In contrast to actions, rules can not contain other rules, as they are meant to be simple and atomic. They therefore represent the leaf nodes of the analysis hierarchy.
Default Groups
In a somewhat confusing naming clash, Ghidra has a concept of groups that is interwoven with the definition of the actions inside the universal action, but not related to the ActionGroup
objects. There is the notion of default groups, which specify the members of certain default actions. For example, this excerpt of buildDefaultGroups
shows the members of the decompile
group, which is a top-level analysis action executed by Ghidra:
const char *members[] = {
"base", "protorecovery", "protorecovery_a", "deindirect",
"localrecovery", "deadcode", "typerecovery", "stackptrflow",
"blockrecovery", "stackvars", "deadcontrolflow", "switchnorm",
"cleanup", "splitcopy", "splitpointer", "merge", "dynamic", "casts",
"analysis", "fixateglobals", "fixateproto", "constsequence",
"segment", "returnsplit", "nodejoin", "doubleload", "doubleprecis",
"unreachable", "subvar", "floatprecision",
"conditionalexe", ""
};
setGroup("decompile",members);
Some names of members are familiar from the excerpts of the universal action definition, e.g. base
, protorecovery
, deadcode
and others. This is no coincidence, but rather a mechanism for selecting relevant actions from the universal action. To this end, every Action
and Rule
has a name and a group identifier. The name itself is typically set in the constructor, whereas the group identifier is set during the construction of the universal action. That means, all strings in the universalAction
function (i.e. the previous excerpts) are group identifiers, with one exception: Action and rule containers have an empty group identifier and the strings shown in universalAction
represent their names. That means, the oppool1
in ActionPool(Action::rule_repeatapply,"oppool1")

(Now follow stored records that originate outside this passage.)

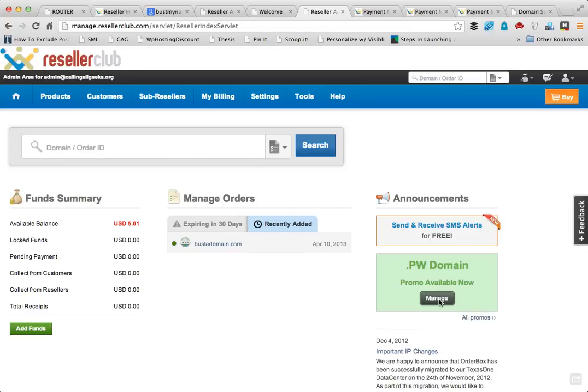Hi guys, Harish from ShoutMeLoud. I'm going to explain more about the branding part. Let me recap what we've done till now: we have bought an account from Reseller Club, I have made the payment, and I have also purchased a domain name that I'm going to use for my reseller business. The domain name I purchased is bustdomain.com — this is just for testing, just for the tutorial.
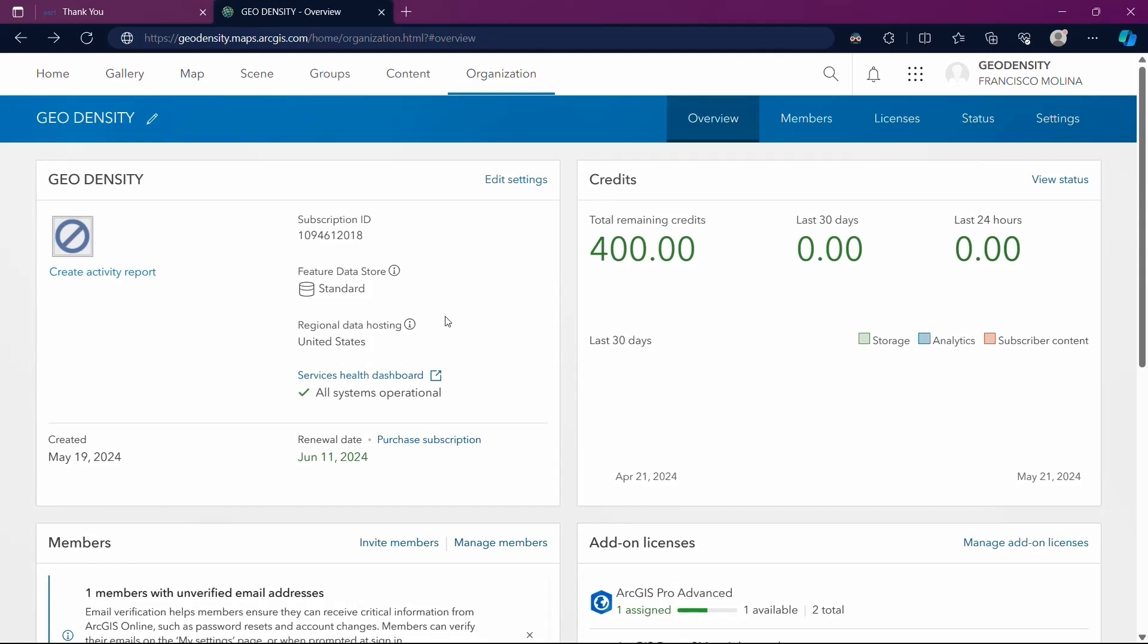We are now on our organization's main page. Here we have some basic details including the credits we have, the members of our organization, and the licenses available for use.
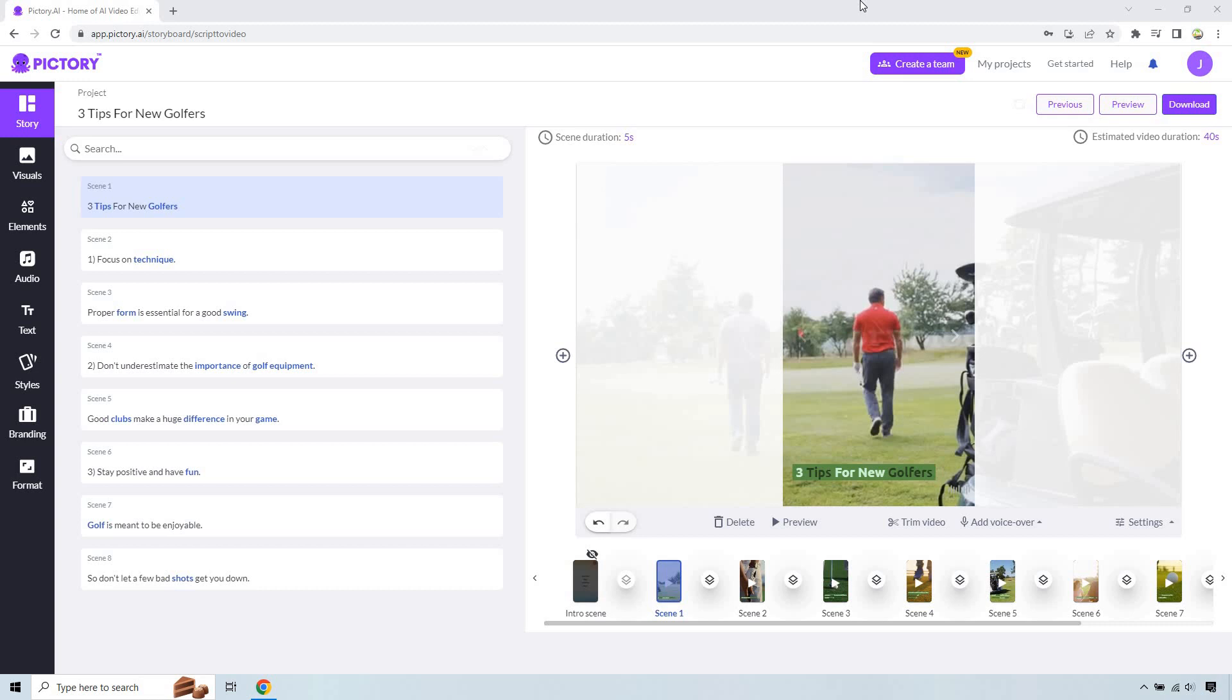Welcome to this tutorial where I'm going to be showing you how to download videos from Pictory AI, or just simply exporting them, however you want to call it. In case you haven't gotten to test out Pictory, I will leave my link down below for a free trial. Anyway, let's begin.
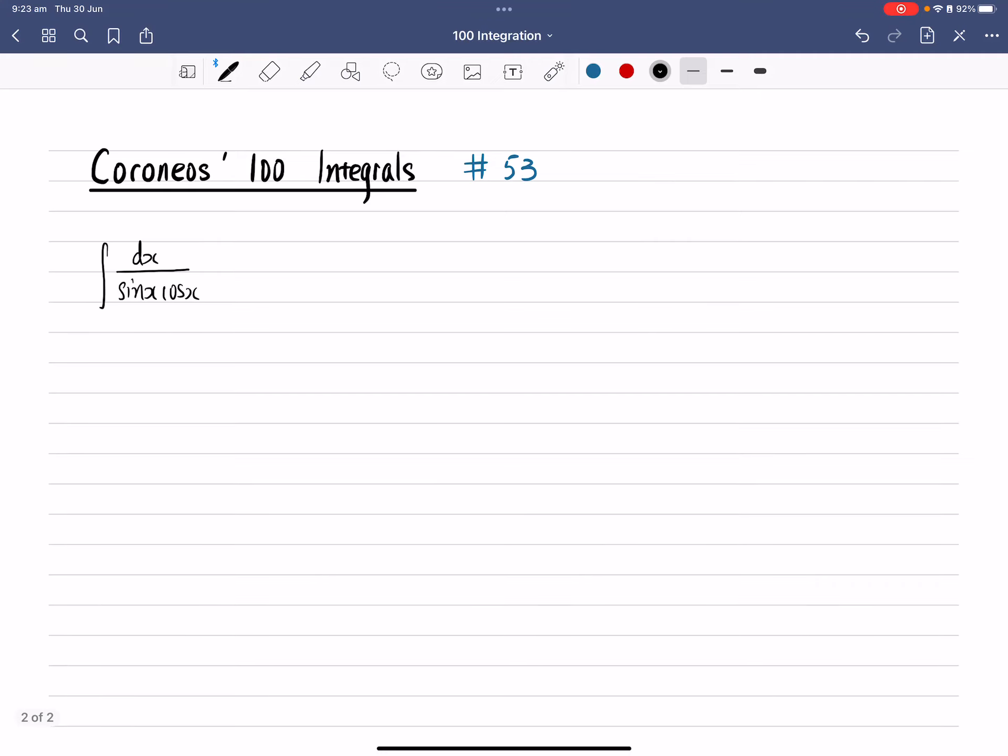Okay, Karani's 100 integrals number 53. So for this question here, we need to integrate 1 over sine x multiplied by cos x.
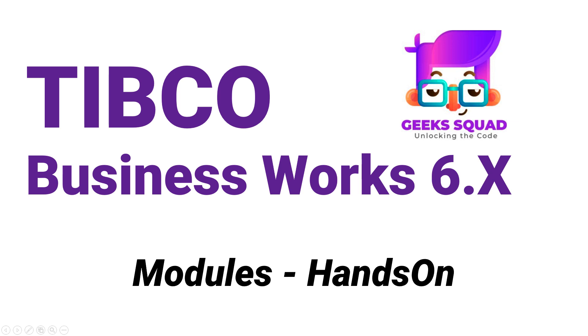Hey everyone. Welcome back to my channel. I am Piyush Goel and today we are going to do a hands-on on the topic modules.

refers to the name of the action, but base
in ActionStart("base")
refers to the group identifier.
This might seem illogical at first, but makes sense under consideration of how the default actions, such as decompile
, are constructed. In order to derive this action, Ghidra walks through the hierarchy of the universal action. At every step it tests whether the current action or rule has a group identifier that matches any of the member names of the default group. If yes, the action/rule is included, otherwise it is skipped. This keeps the overall structure of the universal action, but simply deactivates certain actions; deactivating action groups would however change the overall structure and may lead to unpredictable results.